— Excerpted data —
-*-

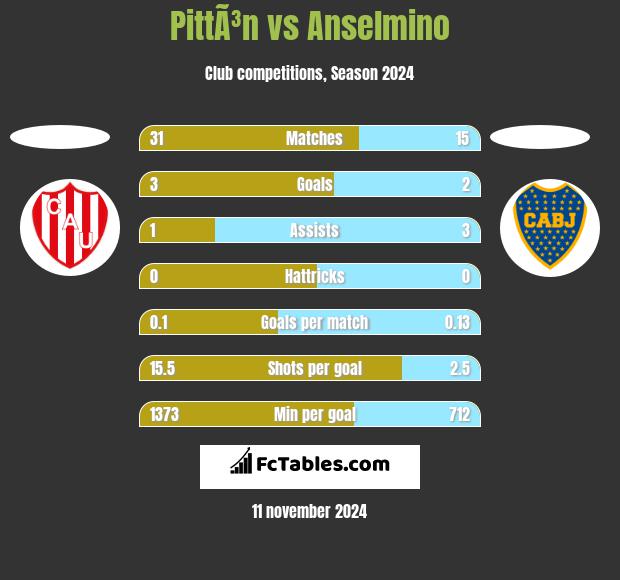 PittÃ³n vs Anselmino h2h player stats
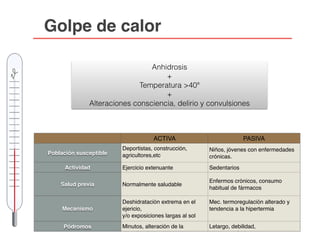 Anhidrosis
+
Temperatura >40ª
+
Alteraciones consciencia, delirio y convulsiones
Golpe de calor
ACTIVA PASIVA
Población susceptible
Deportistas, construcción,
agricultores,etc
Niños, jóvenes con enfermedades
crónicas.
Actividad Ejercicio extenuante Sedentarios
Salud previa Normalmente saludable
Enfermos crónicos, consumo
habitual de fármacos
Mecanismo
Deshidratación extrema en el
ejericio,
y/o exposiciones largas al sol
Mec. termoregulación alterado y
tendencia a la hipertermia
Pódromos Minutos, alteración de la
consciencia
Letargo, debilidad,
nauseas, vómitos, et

-*-

— Problem —
Retype the data above verbatim, minus images.

— Solution for this problem —
 PittÃ³n vs Anselmino h2h player stats
 Anhidrosis
+
Temperatura >40ª
+
Alteraciones consciencia, delirio y convulsiones
Golpe de calor
ACTIVA PASIVA
Población susceptible
Deportistas, construcción,
agricultores,etc
Niños, jóvenes con enfermedades
crónicas.
Actividad Ejercicio extenuante Sedentarios
Salud previa Normalmente saludable
Enfermos crónicos, consumo
habitual de fármacos
Mecanismo
Deshidratación extrema en el
ejericio,
y/o exposiciones largas al sol
Mec. termoregulación alterado y
tendencia a la hipertermia
Pódromos Minutos, alteración de la
consciencia
Letargo, debilidad,
nauseas, vómitos, et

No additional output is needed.